Centro antiviolenza di Via Mascherona: “Non chiudete quella porta!”

Genova. “Pronto, chiamo perchè ho un problema con mio marito”. “Mi sente, chiamo dalla caserma dei carabinieri, le volevo segnalare…”. “Salve, chiamo per mia figlia, mio genero la picchia, non so cosa fare”. Inizia con queste telefonate lo spot, presentato oggi a Genova, che dà voce alla campagna della Rete provinciale antiviolenza a sostegno del Centro di Via Mascherona. Una struttura aperta nel 2009 che oggi rischia di chiudere a causa dei pesantissimi tagli nazionali ai bilanci degli enti e istituzioni locali.

“Al centro, tra gennaio 2009 e agosto 2011, si sono rivolte 679 donne”, spiega Marina Dondero, Vicepresidente della Provincia di Genova. “La cifra sale a 900 se si aggiungono i dati degli altri sei centri collegati, sparsi nel genovese: donne vittime di violenze fisiche, psicologiche, sessuali, economiche, di mobbing e stalking”.

Regista dello spot è Cristina Oddone, del Laboratorio di Sociologia Visuale dell’Università di Genova, da circa un anno impegnata in una ricerca sul centro antiviolenza strutturata in tre fasi: “La ricerca qualitativa sul funzionamento del centro antiviolenza, quella sulle rappresentazioni sociali sulla violenza di genere, fino ad arrivare appunto alla parte concreta riguardante una campagna di comunicazione ad hoc volta alla ricerca di fondi”.

Testimonial dello spot è l’attore e regista Ugo Dighero: “Come cittadini cerchiamo di fare quello che è possibile, si agisce per sopravvivenza individuale, non nella speranza che questa cosa serva”, spiega l’artista genovese. “Ci troviamo nella situazione grottesca in cui lo stato è il nemico: l’unico ente che dà appoggio a questa iniziativa dovrebbe essere cancellato nei programmi di governo sia di destra che di sinistra”.

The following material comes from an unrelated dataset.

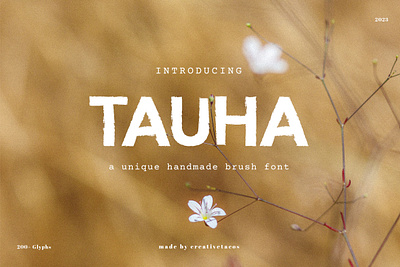 Tauha Handmade Brush Font brush font handmade font support multilingual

L’esempio che arriva da chi ci rappresenta non aiuta nessuno, secondo Dighero: “Vestire una supermaggiorata da infermiera o da poliziotta con le manette non aiuta il popolo italiano – continua – se l’esempio è il Presidente del Consiglio con fatica si può sviluppare una idea di donna un po’ diversa nel nostro Paese. In Italia la maggioranza delle violenze avviene in famiglia, un’istituzione che nel nostro paese è quasi un tabù. Questo certo non aiuta”.

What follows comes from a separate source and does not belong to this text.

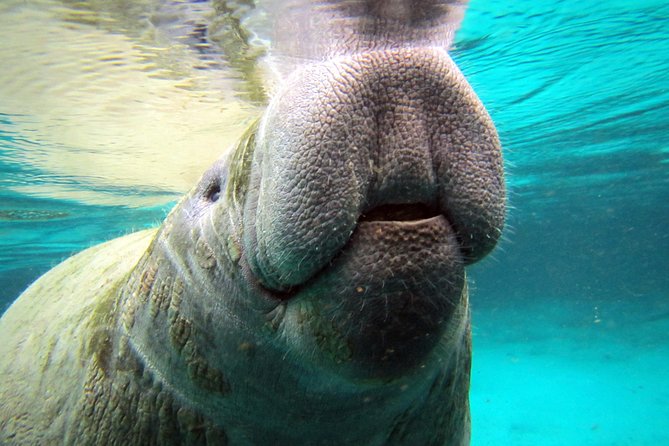 Private OG Manatee Snorkel Tour With Guide for up to 10 People - Cancellation Policy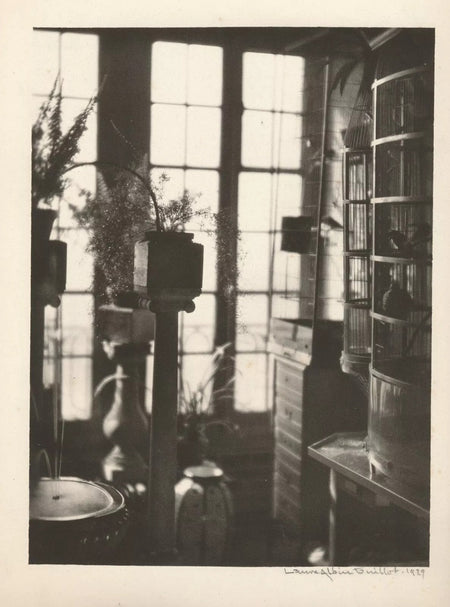 Laure ALBIN GUILLOT tirage au charbon signé photo photographie intérieur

E’ significativo che la presentazione dello spot avvenga nel giorno in cui a livello europeo vengono resi noti i dati del «Global Gender Gap Report 2011» del World Economic Forum sul divario delle opportunità tra uomini e donne. Una classifica in un cui l’Italia è ancora una volta il fanalino di cosa, piazzandosi tristemente al 74° posto. “In Italia manca una legge quadro contro la violenza di genere – riprende Cristina Oddone – in questo senso la Liguria ha sempre giocato un ruolo d’eccellenza, visto che, prima in Italia, si è dotata di un provvedimento regionale ad hoc. L’importanza degli strumenti giuridici a livello locale è fondamentale”.

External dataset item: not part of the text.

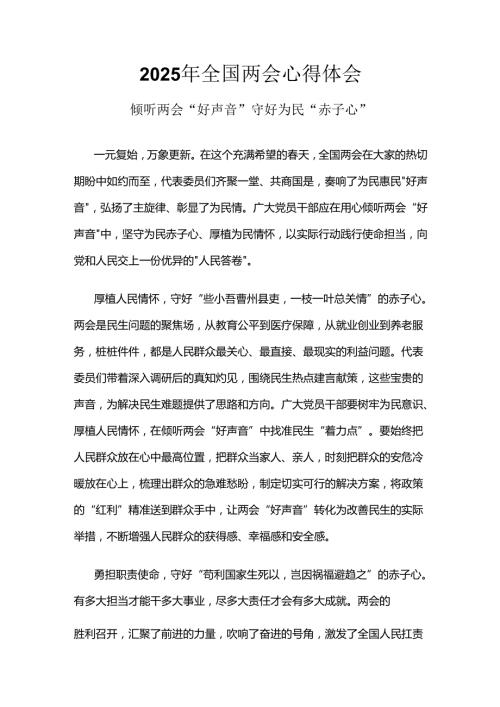2025年两会发言稿6篇.docx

Numerose iniziative ed eventi a tema sono previsti nei prossimi giorni a sostegno del centro: venerdì 9 novembre (ore 17:00), Aperitivo Solidale c/o Coop Terminal Traghetti, con letture teatralizzate a cura di Antonella Sodini e Lorena Luccatini e intervalli musicali di Alessandra Ravizza del Gruppo musicale Rebis; 9 novembre (ore 20:30) si terrà l’incontro “Non chiudete quella porta!” c/o Auditorium di Palazzo Rosso, con la partecipazione tra gli altri del comico Maurizio Lastrico, Compagnia del Suq, Carla Peirolero e Buby Senarega; 17 novembre tavola rotonda c/o Festival dell’eccellenza femminile (Camera di Commercio di Via Garibaldi). Presidi di raccolta fondi sono previsti presso il Teatro Archivolto di Genova durante gli spettacoli “Tinello Italiano” e “La Donna che sbatteva contro le porte”, presso il Teatro Cargo (6 dicembre, Questa immensa notte).